Jason Collins

Personal information
- Born: May 1977 (age 49) Worthing, England

Sport
- Sport: Field hockey
- Position: Defender

Senior career
- Years: Team / Caps / Goals
- 1993–2000: East Grinstead / - / -
- 2001–2005: Guildford / - / -
- 2007–2017: Chichester / - / -

National team
- Years: Team / Caps / Goals
- –: GB & England /  / -

Medal record
Men's field hockey
Representing England
European Championship
| Bronze medal – third place | 2003 Barcelona | Team |

= Jason Collins (field hockey) =

British field hockey player (born 1977)

Jason Matthew Collins (born May 1977) is a British former field hockey player who played for GB and England.

== Biography ==
Collins was born in Worthing, England, and educated at Littlehampton Community School.

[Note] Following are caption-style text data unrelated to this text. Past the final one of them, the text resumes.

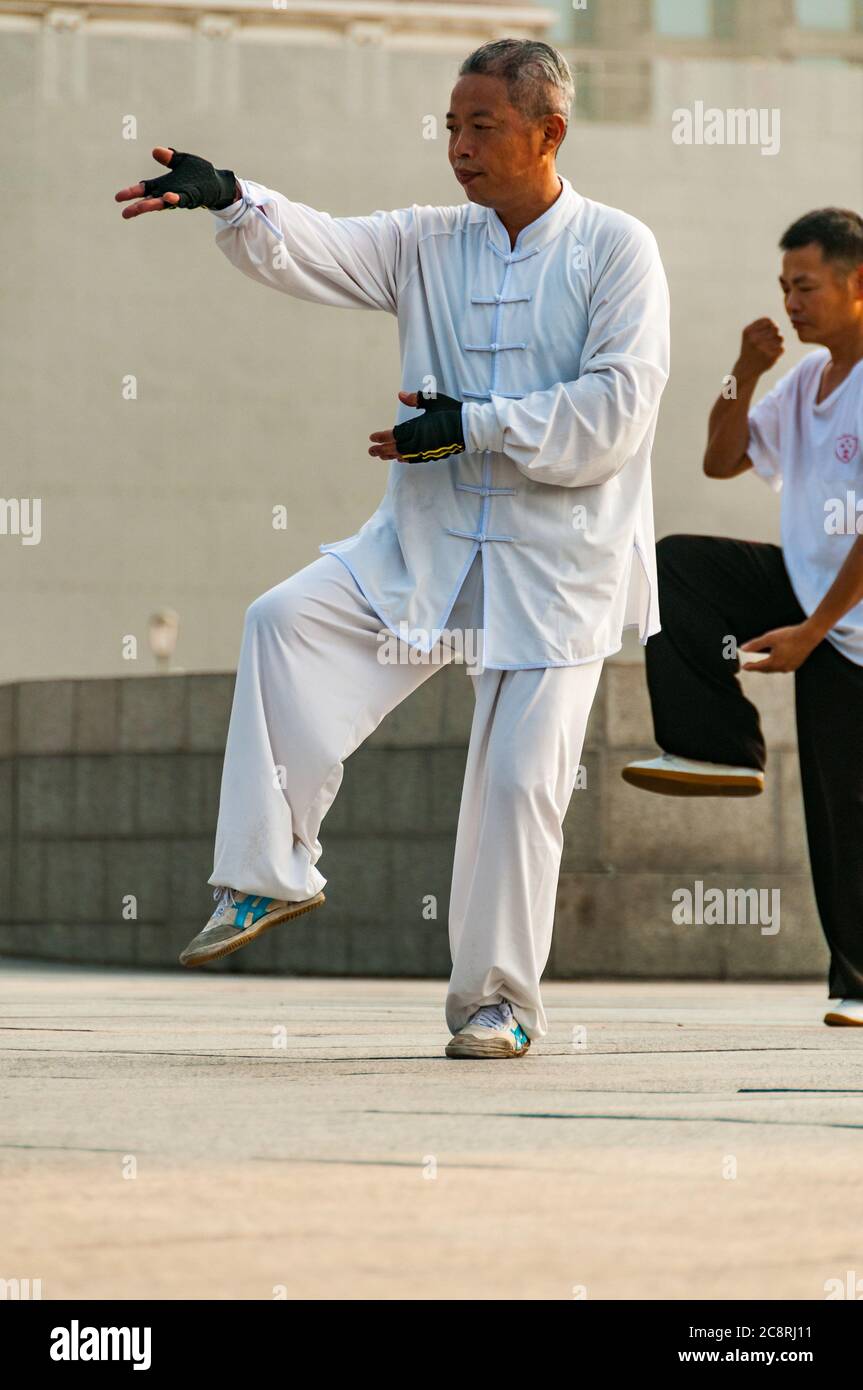 Tai Chi Übungen am Denkmal für die Helden des Volkes am Ufer des Bund von Shanghai früh am Morgen. Stockfoto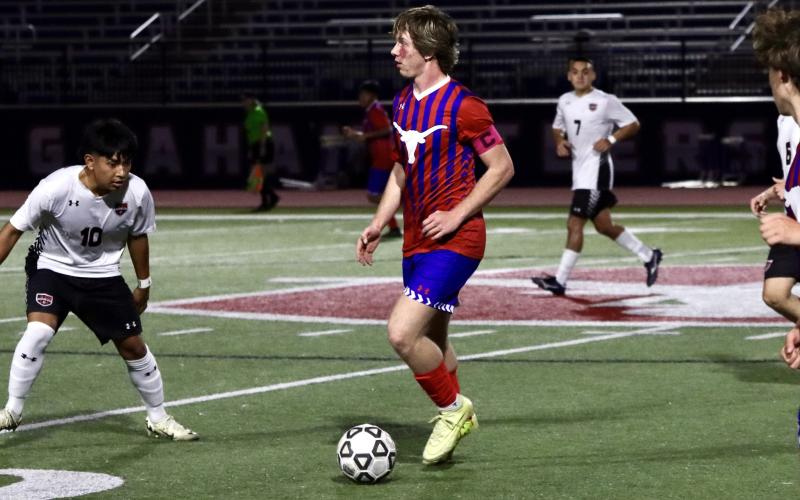 (KYLIE BAILEY | THE GRAHAM LEADER) Jace Gill pushes the offense up the field Friday, Feb. 13 against the Mineral Wells Rams. Gill was one of the graduating seniors honored on senior night. 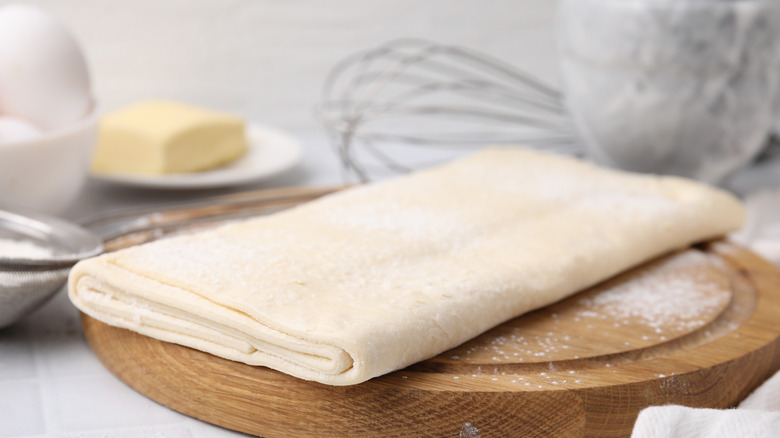Raw puff pastry on a wooden cutting board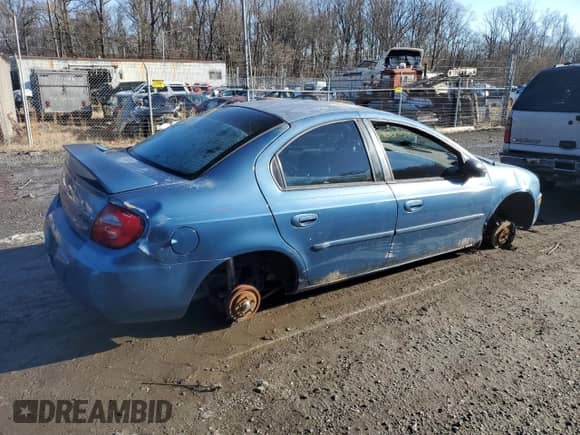 2003 Dodge Neon SXT with VIN 1B3ES56C93D140657, listed as a Copart auction lot 86829224 with 196,870 mi miles and Salvage title. Bid and sale history available at DreamBid. Image 3.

He was the captain of Horsham Colts and his Littlehampton School team and won a place on the Sussex representative junior squad in 1991. After a spell with Worthing Hockey Club he played club hockey for East Grinstead in the Men's England Hockey League from 1993.

Collins joined Guildford in 2001 and in October 2001 he was selected for his England debut during the international series against South Africa. Still at Guildford, Collins represented England at the 2002 Commonwealth Games in Manchester, where he helped England finish in fifth position.

After the 2005 season Collins retired from international hockey and later joined Chichester for the 2007/08 season as a player coach.